Mais ils revendiquent l’ambition de défendre l’éthique incarnée par l’EAJF. Non pas pour flatter son fondateur Sidney Broutinovski, qui a pris soin de s’éloigner, mais par vraie conviction personnelle. D’autant que certains ont déjà eu affaire aux requins du milieu. « J’ai rencontré (au cours de ma carrière) des agents qui m’ont fait perdre du temps, des gens pas professionnels. Dans une carrière de footballeur, c’est fréquent qu’on soit touché par une blessure. Et parfois, on vous lâche, au moment où vous en avez le plus besoin. Quand on n’a pas la personne pour nous aider dans ces moments-là, on peut faire un mauvais choix qui va déterminer tout le reste » , illustre Brice avec son expérience personnelle. Matthieu confirme : « Mon but premier n’est pas de faire énormément d’argent, mais plutôt de faire un métier qui me plaît. Ce qui m’intéresse est de pouvoir créer une carrière avec des joueurs, de les accompagner… C’est quelque chose qui m’a manqué quand j’ai été joueur. Actuellement, dans le monde du foot, le métier d’agent est essentiel pour pouvoir réussir. J’ai eu des agents, mais je sentais que ce n’était pas forcément des personnes avec lesquelles s’engager. »
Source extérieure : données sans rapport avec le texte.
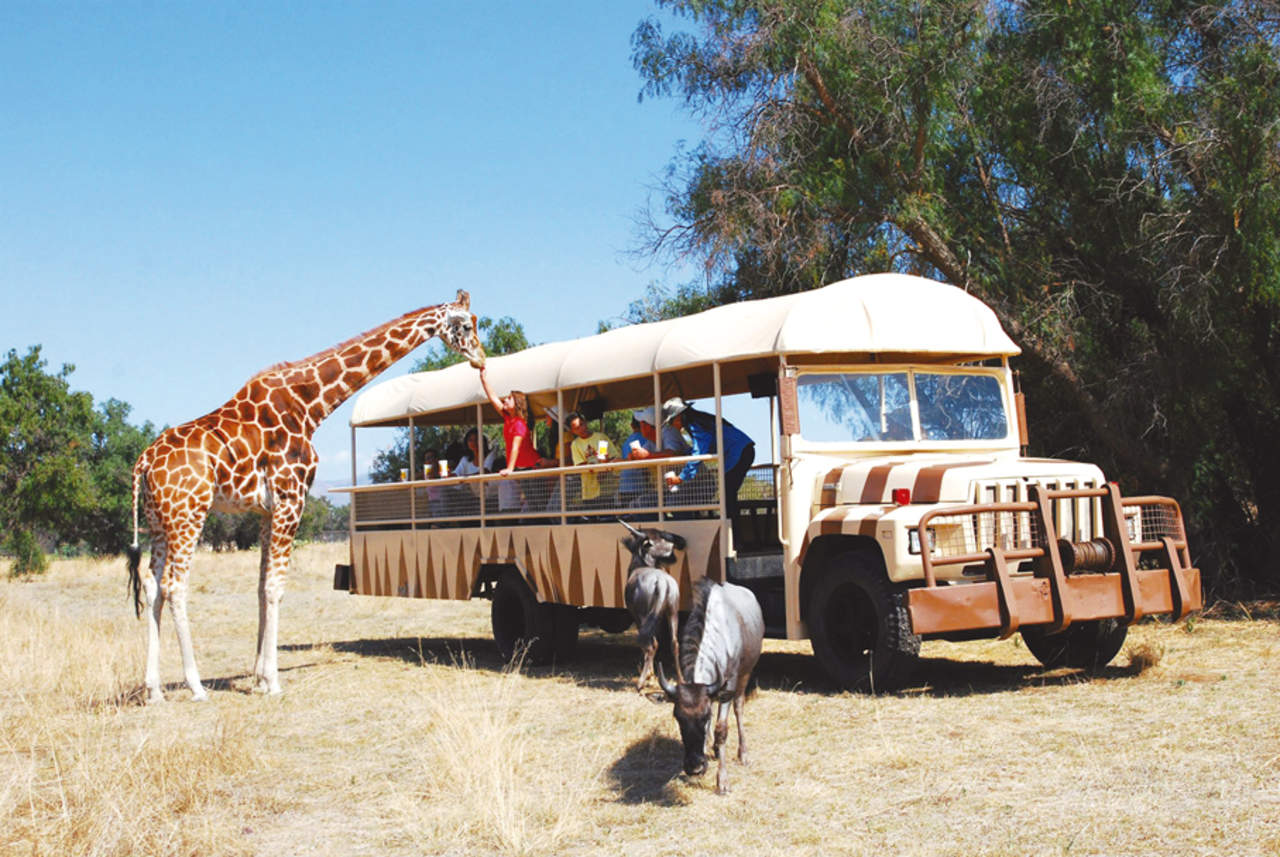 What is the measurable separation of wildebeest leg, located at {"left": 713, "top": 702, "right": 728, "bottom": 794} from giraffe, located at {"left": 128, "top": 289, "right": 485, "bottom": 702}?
540 cm

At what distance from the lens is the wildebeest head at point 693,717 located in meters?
6.20

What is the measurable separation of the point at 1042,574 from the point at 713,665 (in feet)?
11.3

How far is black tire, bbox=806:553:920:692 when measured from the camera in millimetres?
8984

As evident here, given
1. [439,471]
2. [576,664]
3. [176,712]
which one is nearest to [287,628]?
[439,471]

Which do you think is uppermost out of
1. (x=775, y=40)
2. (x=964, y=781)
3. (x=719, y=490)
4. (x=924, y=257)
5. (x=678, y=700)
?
(x=775, y=40)

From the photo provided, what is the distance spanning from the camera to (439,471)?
14125mm

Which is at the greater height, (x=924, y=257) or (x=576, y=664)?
(x=924, y=257)

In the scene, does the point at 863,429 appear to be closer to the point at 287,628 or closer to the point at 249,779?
the point at 249,779

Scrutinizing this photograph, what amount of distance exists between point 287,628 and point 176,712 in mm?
8095

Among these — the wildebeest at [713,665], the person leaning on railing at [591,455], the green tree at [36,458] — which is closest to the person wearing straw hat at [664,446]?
the person leaning on railing at [591,455]

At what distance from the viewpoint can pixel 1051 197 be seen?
1573 cm

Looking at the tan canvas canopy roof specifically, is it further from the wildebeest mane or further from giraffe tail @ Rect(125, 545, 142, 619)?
giraffe tail @ Rect(125, 545, 142, 619)

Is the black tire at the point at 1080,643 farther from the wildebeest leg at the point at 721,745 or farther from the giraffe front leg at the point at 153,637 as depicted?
the giraffe front leg at the point at 153,637

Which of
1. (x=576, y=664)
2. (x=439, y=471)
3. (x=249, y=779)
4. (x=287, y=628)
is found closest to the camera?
(x=249, y=779) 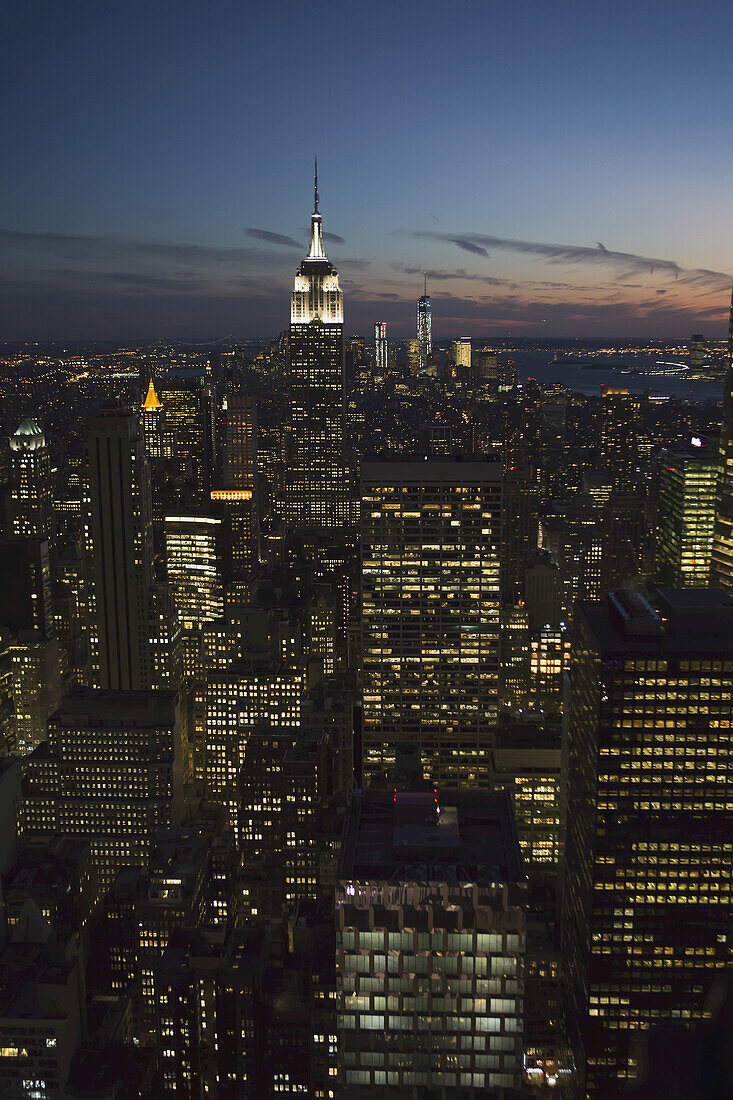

Cependant, ils savent que la licence ne fait pas tout. À commencer par le plan humain, comme appuie Brice : « Je pense qu’il y a une légitimité à avoir. Et c’est la licence qui va l’apporter. Mais ce n’est pas la licence qui va changer l’humain. On peut avoir la licence, prétendre avoir des valeurs et ne pas les avoir. La licence ne va pas changer l’homme. » Matthieu, lui, ne se voile pas la face sur son avenir à court terme : « Je pense que pour réussir en tant qu’agent, il faut une certaine expérience. Acquérir une certaine maturité. Je ne pense pas que je vais tout de suite m’imposer. Cela viendra au fil des années. Je ne me vois pas commencer tout seul de toute façon. Je préférerais m’associer avec des personnes qui ont plus de vécu. Si j’obtiens ma licence, j’aimerais débuter soit dans un cabinet, soit avec un agent licencié. » Ce que pourrait lui offrir le 11 des Légendes, « une entité très intéressante, puisqu’elle a déjà son réseau, donne la possibilité d’avoir un accompagnement, un suivi » , étaye Brice. Mais d’ici là, il faudra passer par la case examen. Une échéance que Matthieu aborde avec détermination : « Même si je n’ai pas ma licence cette année, je continuerai. Je ne vais pas baisser les bras. » C’est tout ce qu’on lui souhaite.